The older I grow, the more the holiday season seems but a pale rendition, or what was once a time of complete wonderment and awe for a boy growing up on the farm. It was a different time of course.

The older I grow, the more the holiday season seems but a pale rendition, or what was once a time of complete wonderment and awe for a boy growing up on the farm.

It was a different time of course.

The 1960's seem to have about as much in common with 2013, as do the 1890s or 1940s.

Things have changed so dramatically in the past 50 years, it is hard to even explain to someone born in the last 20 years just how different things were.

The computer chip was at best a vague idea in some scientist's mind.

Things such as laptops and cellphones were things scoffed at in a science fiction series such as Star Trek, but nothing more.

Our access to information was a library.

The way we corresponded with someone half a world away was to write a letter with pen and paper, place it in an envelope, add a stamp and send it on a journey which might see a reply arriving several weeks later.

Today an email is a key stroke and a micro second from anywhere.

And in the flood of advancements through the years, the wonderment of the season seems somehow washed away in the torrent.

There was a true sense of wonderment for a young boy when the Sears Christmas catalogue arrived. There were pages and pages of toys never even imagined because there were not a thousand ads on a thousand television channels telling you what toys to buy starting in October.

I would go through those pages daily, maybe more often, desiring one thing today, and another the next. The pages would become dogged-eared and torn and yet they held their magic.

It became excruciating deciding what to actually print in a letter to Santa.

And then there was the mere turning of a calender to December. It was as if the mere effort of turning a calender page opened a door to a different world. In my earliest memories it was my Dad and grandfather who would head to the river on our so-called north quarter.

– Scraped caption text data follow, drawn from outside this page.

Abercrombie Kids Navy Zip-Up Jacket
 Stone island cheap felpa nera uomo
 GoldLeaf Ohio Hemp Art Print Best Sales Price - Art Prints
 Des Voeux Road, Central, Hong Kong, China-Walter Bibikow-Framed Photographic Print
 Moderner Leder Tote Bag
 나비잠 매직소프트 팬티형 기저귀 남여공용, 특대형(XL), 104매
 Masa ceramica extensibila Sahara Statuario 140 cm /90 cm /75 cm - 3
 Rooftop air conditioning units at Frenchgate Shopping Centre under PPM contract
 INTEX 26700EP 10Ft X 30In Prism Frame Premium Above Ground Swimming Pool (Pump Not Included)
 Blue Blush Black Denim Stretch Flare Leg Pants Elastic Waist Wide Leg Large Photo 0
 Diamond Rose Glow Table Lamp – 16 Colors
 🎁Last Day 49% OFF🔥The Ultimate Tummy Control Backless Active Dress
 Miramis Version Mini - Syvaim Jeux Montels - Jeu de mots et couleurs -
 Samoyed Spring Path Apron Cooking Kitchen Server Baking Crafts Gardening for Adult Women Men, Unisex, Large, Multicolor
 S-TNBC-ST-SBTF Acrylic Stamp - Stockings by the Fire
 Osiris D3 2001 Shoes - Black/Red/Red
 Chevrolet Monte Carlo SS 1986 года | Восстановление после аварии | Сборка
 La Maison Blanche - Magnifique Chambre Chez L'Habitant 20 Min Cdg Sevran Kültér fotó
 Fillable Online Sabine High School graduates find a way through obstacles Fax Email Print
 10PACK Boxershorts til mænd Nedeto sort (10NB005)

I was too little to go, but I understood what it meant loading the axes in the half ton.

I would watch through the picture window for them to turn in to the road to the yard, and then grab my coat to bolt outside for a first glimpse at our Christmas tree.

In later years I went along, later still I swung the axe, and then the world changed. Trees needed to be up in November and something fake and plastic replaced the glory of a real tree.

Of course I can remember the sweet taste of the first Mandarin orange of December too, back before they became a near year-round fruit, another moment of wonderment lost to a changing world.

Brazil nuts became available anytime, and the joy of Dad cracking one for a young boy as a joy of the holidays went poof.

The simplicity and joys of the past giving way to whatever joy we can glean from a cellphone screen, or a department store line up.

Some days I wish I had access to Dr. Who's Tardis so I could go back just once to chop a tree on the farm and look through a Sears Wishbook, and remember the magic of a country Christmas that is now more memory than reality.